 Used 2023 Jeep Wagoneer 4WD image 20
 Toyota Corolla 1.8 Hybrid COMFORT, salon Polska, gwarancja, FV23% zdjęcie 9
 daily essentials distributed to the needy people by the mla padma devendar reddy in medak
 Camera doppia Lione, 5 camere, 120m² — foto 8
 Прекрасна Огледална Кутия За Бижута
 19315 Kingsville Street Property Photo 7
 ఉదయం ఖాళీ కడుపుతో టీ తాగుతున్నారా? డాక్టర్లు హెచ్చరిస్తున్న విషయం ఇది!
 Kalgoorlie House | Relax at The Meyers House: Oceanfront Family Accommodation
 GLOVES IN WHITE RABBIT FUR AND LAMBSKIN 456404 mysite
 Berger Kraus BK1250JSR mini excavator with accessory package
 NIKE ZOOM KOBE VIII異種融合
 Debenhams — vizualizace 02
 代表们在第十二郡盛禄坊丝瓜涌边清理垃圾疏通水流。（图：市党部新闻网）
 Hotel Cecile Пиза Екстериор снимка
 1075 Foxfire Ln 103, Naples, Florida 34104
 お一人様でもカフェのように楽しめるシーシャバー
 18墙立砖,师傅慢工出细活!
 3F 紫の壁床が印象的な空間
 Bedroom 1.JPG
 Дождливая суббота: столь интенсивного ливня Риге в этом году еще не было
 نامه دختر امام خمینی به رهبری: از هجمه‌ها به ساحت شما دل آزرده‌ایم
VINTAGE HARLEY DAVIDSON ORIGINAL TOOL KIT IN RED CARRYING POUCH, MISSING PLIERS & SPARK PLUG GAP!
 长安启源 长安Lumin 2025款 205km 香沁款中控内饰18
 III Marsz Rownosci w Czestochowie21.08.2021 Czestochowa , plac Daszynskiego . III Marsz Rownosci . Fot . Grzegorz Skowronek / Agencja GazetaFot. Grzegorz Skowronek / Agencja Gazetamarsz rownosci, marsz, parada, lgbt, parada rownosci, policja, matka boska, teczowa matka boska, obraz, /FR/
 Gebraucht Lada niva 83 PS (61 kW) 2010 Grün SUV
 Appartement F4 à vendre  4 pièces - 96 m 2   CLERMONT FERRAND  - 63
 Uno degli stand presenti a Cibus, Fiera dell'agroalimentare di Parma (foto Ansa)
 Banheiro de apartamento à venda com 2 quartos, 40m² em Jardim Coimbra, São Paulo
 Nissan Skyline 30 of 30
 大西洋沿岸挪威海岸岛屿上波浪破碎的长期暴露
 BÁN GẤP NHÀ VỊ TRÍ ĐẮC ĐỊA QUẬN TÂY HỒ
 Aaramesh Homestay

==*==

HOW TO COMPLETE THIS TASK »
Write out all the material exactly.

EXPECTED ANSWER »
 Used 2023 Jeep Wagoneer 4WD image 20
 Toyota Corolla 1.8 Hybrid COMFORT, salon Polska, gwarancja, FV23% zdjęcie 9
 daily essentials distributed to the needy people by the mla padma devendar reddy in medak
 Camera doppia Lione, 5 camere, 120m² — foto 8
 Прекрасна Огледална Кутия За Бижута
 19315 Kingsville Street Property Photo 7
 ఉదయం ఖాళీ కడుపుతో టీ తాగుతున్నారా? డాక్టర్లు హెచ్చరిస్తున్న విషయం ఇది!
 Kalgoorlie House | Relax at The Meyers House: Oceanfront Family Accommodation
 GLOVES IN WHITE RABBIT FUR AND LAMBSKIN 456404 mysite
 Berger Kraus BK1250JSR mini excavator with accessory package
 NIKE ZOOM KOBE VIII異種融合
 Debenhams — vizualizace 02
 代表们在第十二郡盛禄坊丝瓜涌边清理垃圾疏通水流。（图：市党部新闻网）
 Hotel Cecile Пиза Екстериор снимка
 1075 Foxfire Ln 103, Naples, Florida 34104
 お一人様でもカフェのように楽しめるシーシャバー
 18墙立砖,师傅慢工出细活!
 3F 紫の壁床が印象的な空間
 Bedroom 1.JPG
 Дождливая суббота: столь интенсивного ливня Риге в этом году еще не было
 نامه دختر امام خمینی به رهبری: از هجمه‌ها به ساحت شما دل آزرده‌ایم
VINTAGE HARLEY DAVIDSON ORIGINAL TOOL KIT IN RED CARRYING POUCH, MISSING PLIERS & SPARK PLUG GAP!
 长安启源 长安Lumin 2025款 205km 香沁款中控内饰18
 III Marsz Rownosci w Czestochowie21.08.2021 Czestochowa , plac Daszynskiego . III Marsz Rownosci . Fot . Grzegorz Skowronek / Agencja GazetaFot. Grzegorz Skowronek / Agencja Gazetamarsz rownosci, marsz, parada, lgbt, parada rownosci, policja, matka boska, teczowa matka boska, obraz, /FR/
 Gebraucht Lada niva 83 PS (61 kW) 2010 Grün SUV
 Appartement F4 à vendre  4 pièces - 96 m 2   CLERMONT FERRAND  - 63
 Uno degli stand presenti a Cibus, Fiera dell'agroalimentare di Parma (foto Ansa)
 Banheiro de apartamento à venda com 2 quartos, 40m² em Jardim Coimbra, São Paulo
 Nissan Skyline 30 of 30
 大西洋沿岸挪威海岸岛屿上波浪破碎的长期暴露
 BÁN GẤP NHÀ VỊ TRÍ ĐẮC ĐỊA QUẬN TÂY HỒ
 Aaramesh Homestay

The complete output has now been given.